I understand fully what the reasoning is here, where you want average security 
from the ground up into the core of the server.

When I set up servers or systems, I rather prefer a really tough and hard shell 
around the network/system in question, and pretty sloppy security inside.
Like a nut. Very tough to get in, but once you´re in, theres almost no security.
That makes it a whole lot easier to administrate, since then I can easily 
integrate software more tightly in each other (for example DNS integrated with 
HTTP and SMTP and filters and everything), while I can concentrate on tight 
security at the perimeter.

Think like a apartment. Your outer door is of course closed and locked, but 
your inner doors are always open.

So I set up pretty restrictive firewall rules, and have filters, proxies and 
rules at the perimeter protection, to prevent any bad guys from getting in at 
all. On my servers, user's aren't even getting IMAP or SMTP relay access from 
the outside, since I think it’s a security risk. If they need that type of 
access, they have to use webmail, since that can be set up more securely with 
IP authorization, OTP codes and captcha security.
If I need to separate things for security reasons, I rather put them on 
separate networks in firewall with strict rules in-between, rather than 
fiddling with permissions and getting that things working.
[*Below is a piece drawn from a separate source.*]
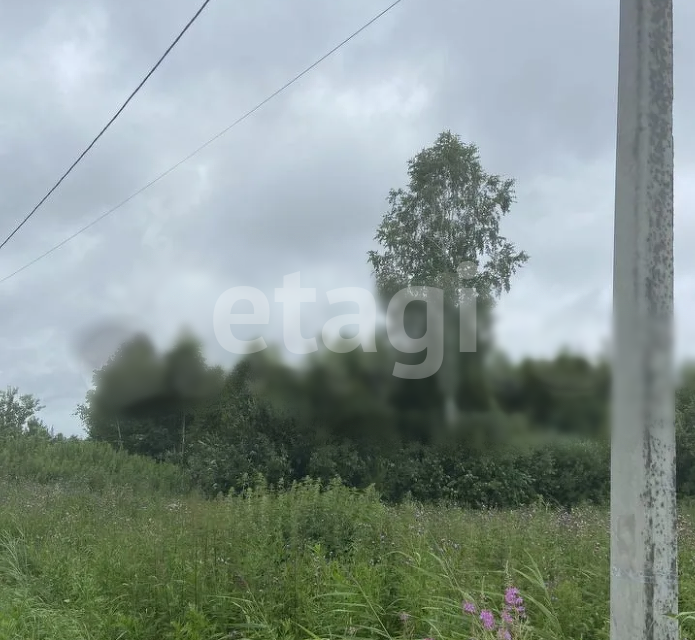 земля г Тюмень снт Светлое городской округ Тюмень, 1-я Степная улица фото 4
So I think its just another way to administrate a server. Some people prefer 
average security everywhere, and some other prefer tough and restrictive 
security at the perimeter and then loose security inside. That’s why I 666's 
files to make it easier to administrate.

-----Ursprungligt meddelande-----
Från: owner-postfix-us...@postfix.org [mailto:owner-postfix-us...@postfix.org] 
För Martin Skjöldebrand
Skickat: den 20 februari 2016 10:26
Till: postfix-users@postfix.org
Ämne: Re: SV: access permissions 101

On 20/02/16 02:05, Sebastian Nielsen wrote:
> Everytime I need multiple processes to access the very same file and those 
> processes has interlocks that prevent them from running as the same user or 
> same group, I just "fix" the problem with 666.
>
> That is a thing I ONLY do if I get a permission error when trying to do 
> something I want to do with some software. So for example, when I want to 
> edit something from my admin panel on http://www.sebbe.eu , I just 666 that 
> file to be able to access it from the admin panel.
>
> Same, I needed to get arp working so HTTP could execute arp for detecting 
> which MAC addresses users of a captive portal had. I simply 777'd arp 
> command, because not even 755 worked for some reason, the arp command 
> required whoever that had execute permission to also have write permission.
Apologies for butting in on this discussion. The above reasoning seems to me 
deeply flawed and something I was guilty of as a Linux newbie back in the late 
90s. It is a tempting easy way out.

Rather than addressing the cause of a problem, you are attacking the symptoms 
and in the process creating unnecessary vulnerabilities in the system. At least 
that is how I read your brief description.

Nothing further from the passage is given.